Teams have always really shifted towards Alvarez and he has still had months with BABIP over .350 and that typically happens in his big months. I think wanted to look at the types of balls he is hitting. As I have talked about a lot lately it is much better to hit line drives than anything else and it is better to hit fly balls than ground balls. I will copy and paste this again from FanGraphs but you should probably have this memorized already:
A line drive produces 1.26 runs per out, while fly balls produce 0.13 runs per out and groundballs produce 0.05 runs per out. In other words, batters want to hit lots of line drives and fly balls, while pitchers generally want to cause batters to hit groundballs.

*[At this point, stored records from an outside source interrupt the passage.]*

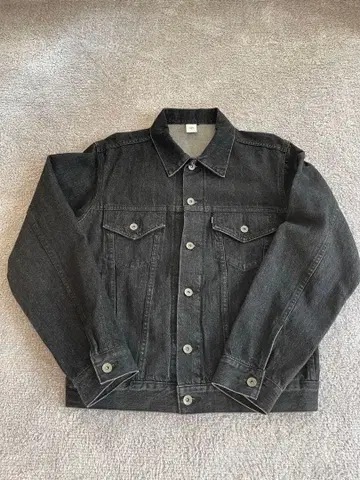 OVY Japan Black Washed Denim Jacket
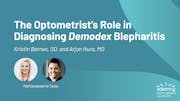 The Optometrist’s Role in Diagnosing Demodex Blepharitis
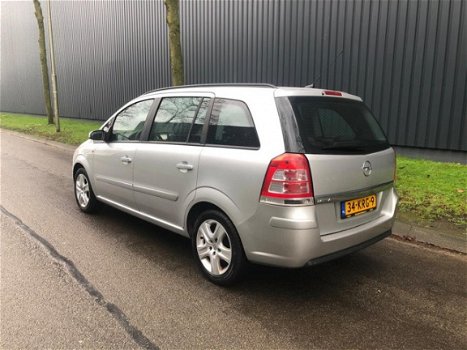 Opel Zafira - 1.8 Business Automaat, Nap, Navigatie, Parrot, Airco, Cruise Control - 1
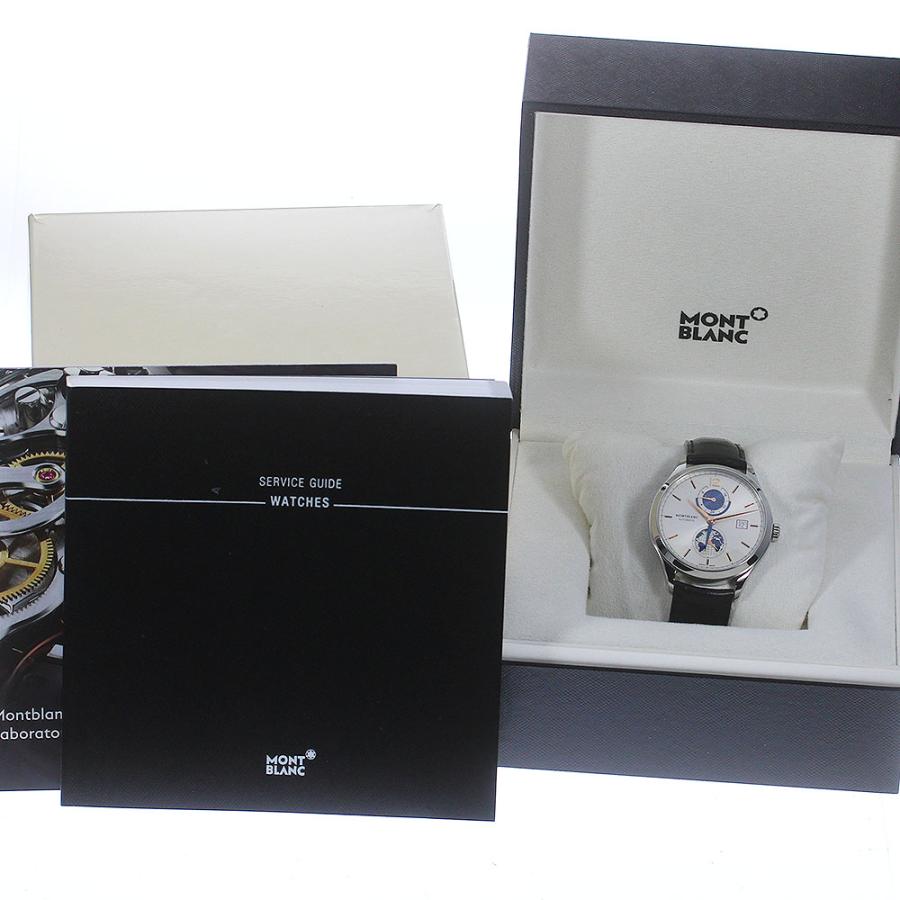 MONTBLANC（モンブラン） MONTBLANC 7348 ヘリテイジ クロノメトリー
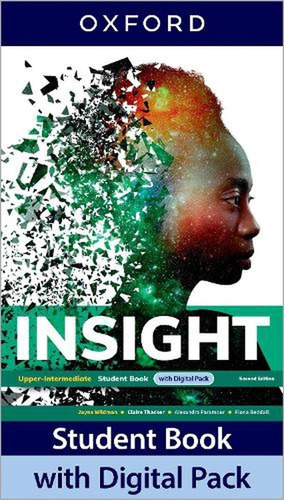 Insight Upper-int. 2/ed.- Student's Book With Digital Pack, De Aa. Vv.. Editorial Oxford University Press, Tapa Blanda En Inglés Internacional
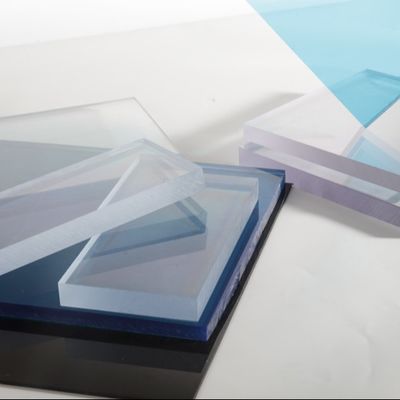 High Tenacity PC Polycarbonate Solid Sheet For Swimming Pool Cover With Good Impact Resistance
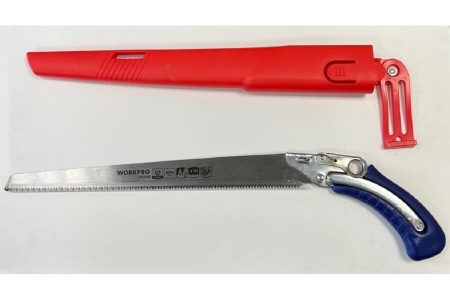 Садовая пила Pony Jorgensen WORKPRO 330 мм, c пластиковым чехлом WP333008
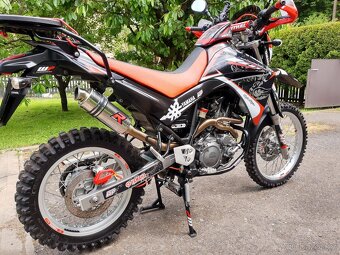 Yamaha XT 660 R.Jako nová Vše nové - 14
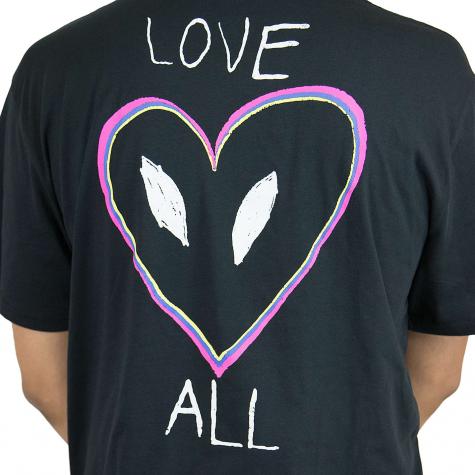 Volcom T-Shirt Love schwarz 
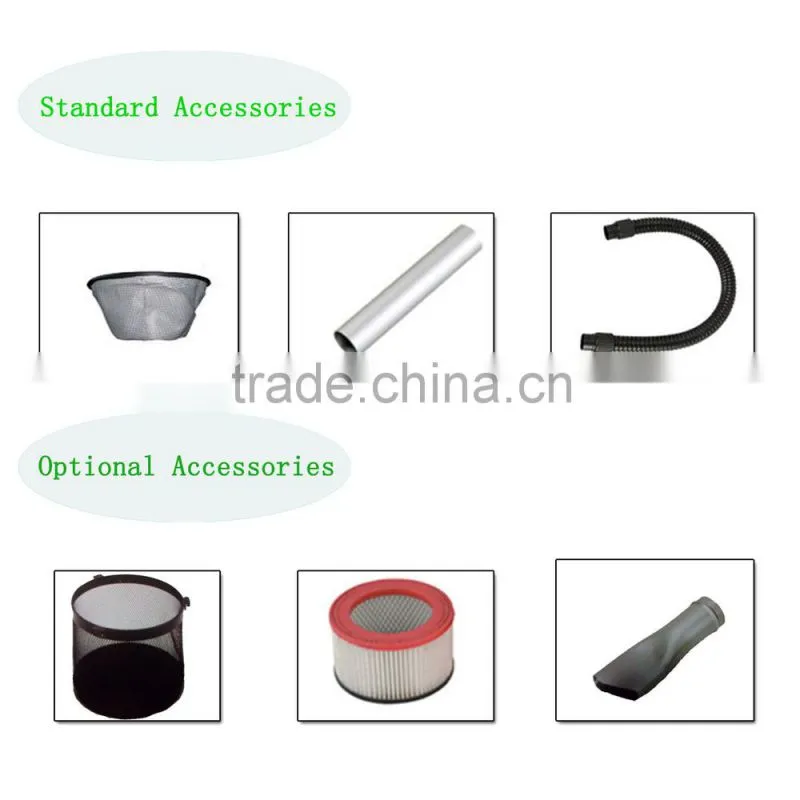 new hot cold double filter cyclonic ash vacum cleaner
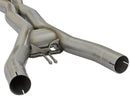 MACH Force-Xp 3 IN 304 Stainless Steel Race Series X-Pipe  Chevrolet Corvette (C7) & Z06 14-19 V8-6.2L/6.2L (sc)-3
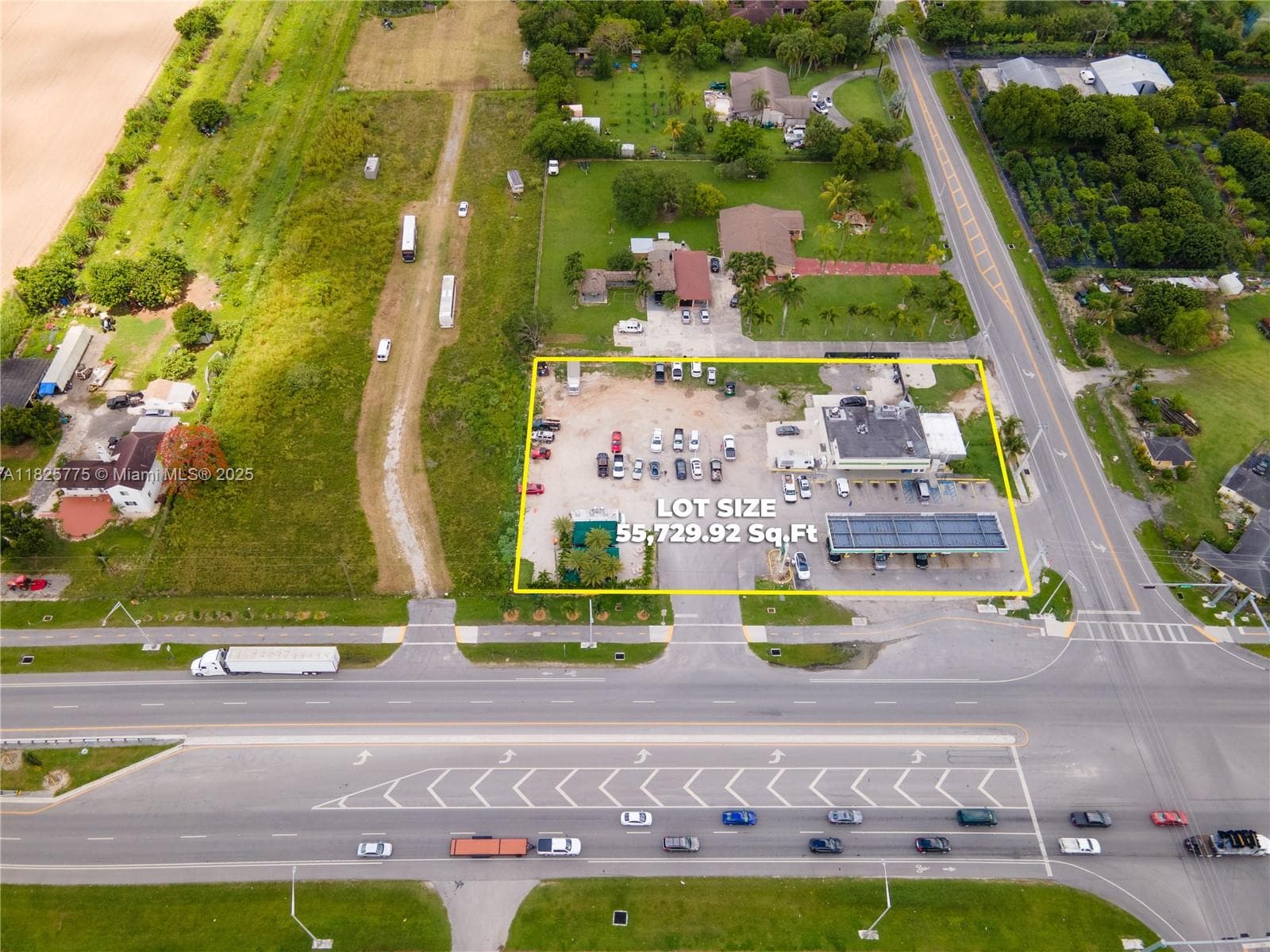 Profitable Gas Station with Significant Development Potential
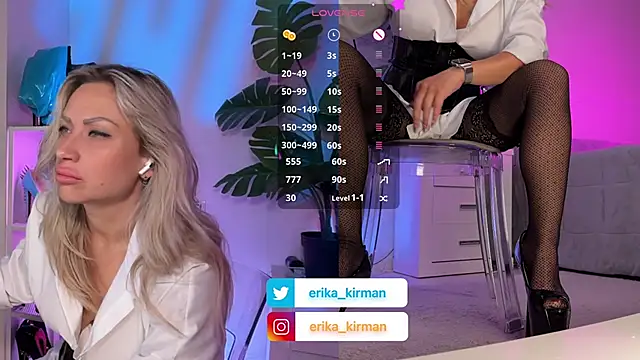 Erika_Kirman Live XXX-Chat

The league average for the ratings are:
Line Drive: 20%
Ground ball: 44%
Fly ball: 36%
So I thought that maybe Alvarez was hitting more ground balls this month and in turn hitting a lot of ground balls into the shift. That really wasn't true as he was at 17.9%/46.3%/35.8% (LD/GB/FB) which is very near his career average of 18.7%/46.6%/35.8%. So it isn't like he is hitting a bunch more ground balls because he is doing what he always has done. Sure it would be nice for him to be at a higher level of line drives but I think eventually some balls are going to find holes.
What is the point of all of this? Pedro Alvarez is weird. He drastically cuts down on his strikeouts and that hasn't immediately turned into a great slash line. While I would be absolutely foolish to suggest that it doesn't give him a much better chance of getting on base and having more productive at bats the fact is that the extra balls he is putting in play are being turned into outs, which is unfortunate. Unfortunate because we always talk about him cutting back his strikings and that will make him a better hitter. I think that the BABIP can regress back to the mean and that will result in a better stat line because over his career he has proven that keeping a BABIP that low would be pretty unsustainable.
It might seem insignificant but for the BABIP to get back to his career average he would have three of those balls turned into outs to be turned into hits. Even if those three hits were singles that would pull his line to .253/.313/.425 which would look a lot better. You would still like it to be better, especially with him putting more balls in play, but I think you get the point.
I guess I am just not sure that Alvarez can hold the low strikeout numbers. The last time he was even close to this low was exactly three years ago so it isn't like this happens all the time. He did pick up a couple of hits last night and if he does get hot he can carry this offense for games at a time and when you are in a one game Wild Card that might be all you need. When you get into a series having a player win a game for you could be the difference in winning the series or not. Here is hoping that Alvarez can keep this up for the month of October and he can be the most dangerous hitter on the team for a stretch like he has before.
I still have no idea what kind of hitter Alvarez is and to be honest I have come to the realization that I never will. I will say that it is nice when he shows that he isn't an automatic strikeout 35% of the time. Still, he is a weird player to try and look at and try to make sense of why things happen.